In accordance with the requirements of the “Hospital Infection Management Code” to do a good job in the hospital infection control.
(1) Strengthen personal protection.
On the basis of standard protection, contact protection and respiratory protection should be done.
(2) Strict disinfection of patients’ secretions, excretions and their contaminated items.
Patient’s secretions and excretions need to be strictly disinfected and can be treated chemically; infectious medical dirt (contaminated needles, syringes, etc.) can be treated by incineration or high-pressure steam disinfection.
Human skin exposed to suspected Ebola hemorrhagic fever patient’s body fluids, secretions or excretions should be immediately washed thoroughly with water or soapy water, or disinfected with 0.5% iodophor disinfectant, 75% alcohol chlorhexidine wipe, use water or soapy water to thoroughly clean; mucous membranes should be rinsed with large amounts of water or 0.05% iodophor.

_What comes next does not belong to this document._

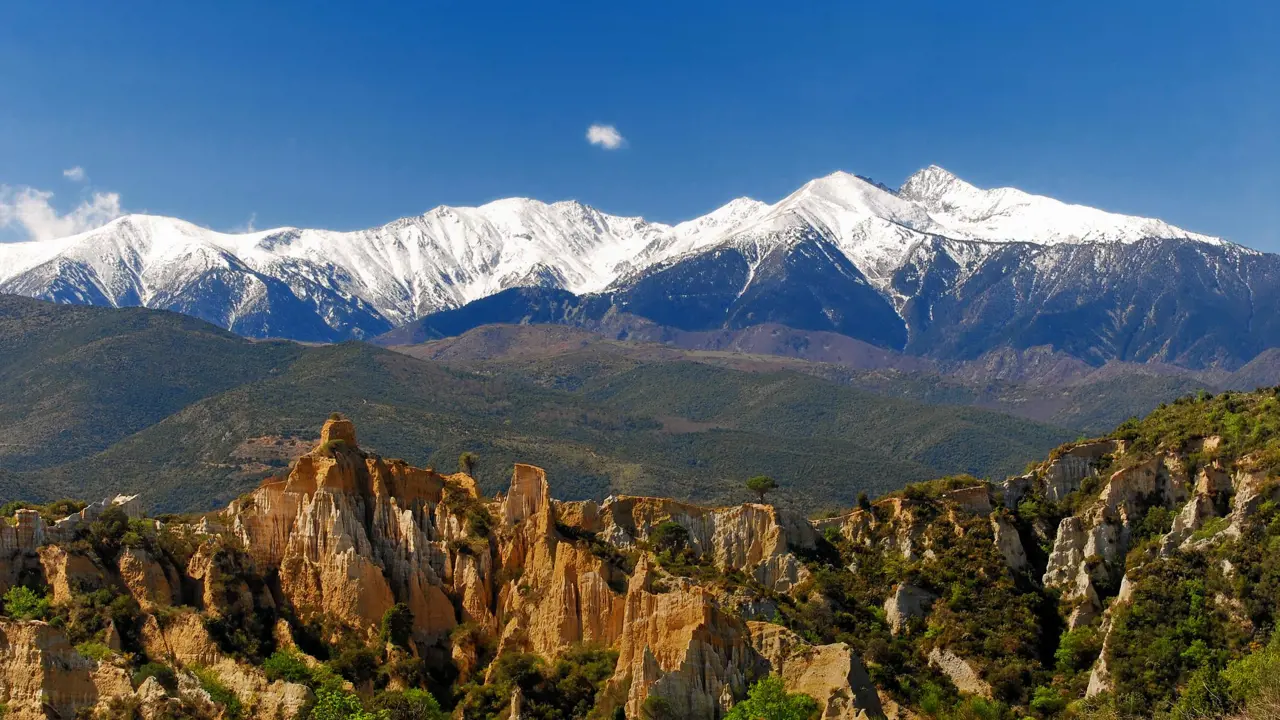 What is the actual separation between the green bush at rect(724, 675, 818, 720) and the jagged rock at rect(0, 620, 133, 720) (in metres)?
27.0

3, strengthen laboratory biosafety.
All experimental activities involving Ebola virus should be carried out in strict accordance with the relevant provisions of China’s laboratory biosafety.
Specimens should be collected for personal protection. Specimens should be placed in accordance with the ICAO Class A packaging and transport materials, in accordance with the “highly pathogenic microorganisms that can infect humans (virulent) strains or samples transport management regulations” requirements for transport to laboratories with Ebola virus-related experimental activities.

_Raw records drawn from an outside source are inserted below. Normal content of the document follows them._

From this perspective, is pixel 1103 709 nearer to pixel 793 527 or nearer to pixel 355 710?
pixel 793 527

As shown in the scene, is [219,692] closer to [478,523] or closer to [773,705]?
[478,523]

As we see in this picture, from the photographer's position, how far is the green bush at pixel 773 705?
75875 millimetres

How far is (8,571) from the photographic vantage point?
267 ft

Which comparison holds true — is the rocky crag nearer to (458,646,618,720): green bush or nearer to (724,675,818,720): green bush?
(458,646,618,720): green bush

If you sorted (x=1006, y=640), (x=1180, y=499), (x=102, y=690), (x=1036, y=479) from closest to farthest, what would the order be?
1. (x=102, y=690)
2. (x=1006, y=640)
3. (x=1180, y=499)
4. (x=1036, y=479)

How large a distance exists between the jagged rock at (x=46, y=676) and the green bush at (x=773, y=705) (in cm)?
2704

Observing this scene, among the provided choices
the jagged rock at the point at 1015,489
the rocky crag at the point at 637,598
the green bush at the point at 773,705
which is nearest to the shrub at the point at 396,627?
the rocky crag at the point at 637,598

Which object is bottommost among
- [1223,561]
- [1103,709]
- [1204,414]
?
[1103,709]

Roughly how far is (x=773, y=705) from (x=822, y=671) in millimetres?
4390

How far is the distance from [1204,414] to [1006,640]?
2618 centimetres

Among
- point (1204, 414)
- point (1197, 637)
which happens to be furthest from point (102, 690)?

Laboratories conducting relevant experimental activities should have the appropriate biosafety level and experimental activities qualification. The corresponding experimental activities required biosafety laboratory level should be in line with the provisions of the “List of pathogenic microorganisms transmitted on earth”, virus culture in the BSL-4 laboratory, animal infection experiments in the ABSL-4 laboratory, the operation of uncultured infectious material in the BSL-3 laboratory, the operation of inactivated material in the BSL-2 laboratory, the operation of non-infectious material in the BSL-1 laboratory.
4.Epidemiological investigation
It mainly includes investigating the activity history of the case during the onset of the disease, searching for close contacts and co-exposed persons, and searching for the source of infection.
5.Public awareness and education, good risk communication
Actively publicize the prevention and treatment of Ebola hemorrhagic fever and raise public awareness of self-protection. Respond to social concerns in a timely manner.